(Task): Nothing outside the stretch is wanted. Repeat exactly the lines of the listing below from the one that contains "Buy LVCHEN Human" through the one that contains "Juvederm Before & After Image", both ends included.

Source material START

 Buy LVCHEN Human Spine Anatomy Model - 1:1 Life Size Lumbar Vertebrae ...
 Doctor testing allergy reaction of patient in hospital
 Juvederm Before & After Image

Source material END
Source material START

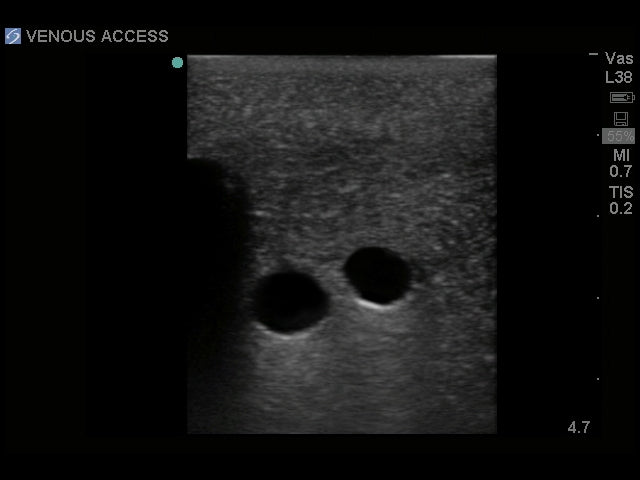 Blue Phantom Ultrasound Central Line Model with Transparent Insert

Source material END

(Your response):
 Buy LVCHEN Human Spine Anatomy Model - 1:1 Life Size Lumbar Vertebrae ...
 Doctor testing allergy reaction of patient in hospital
 Juvederm Before & After Image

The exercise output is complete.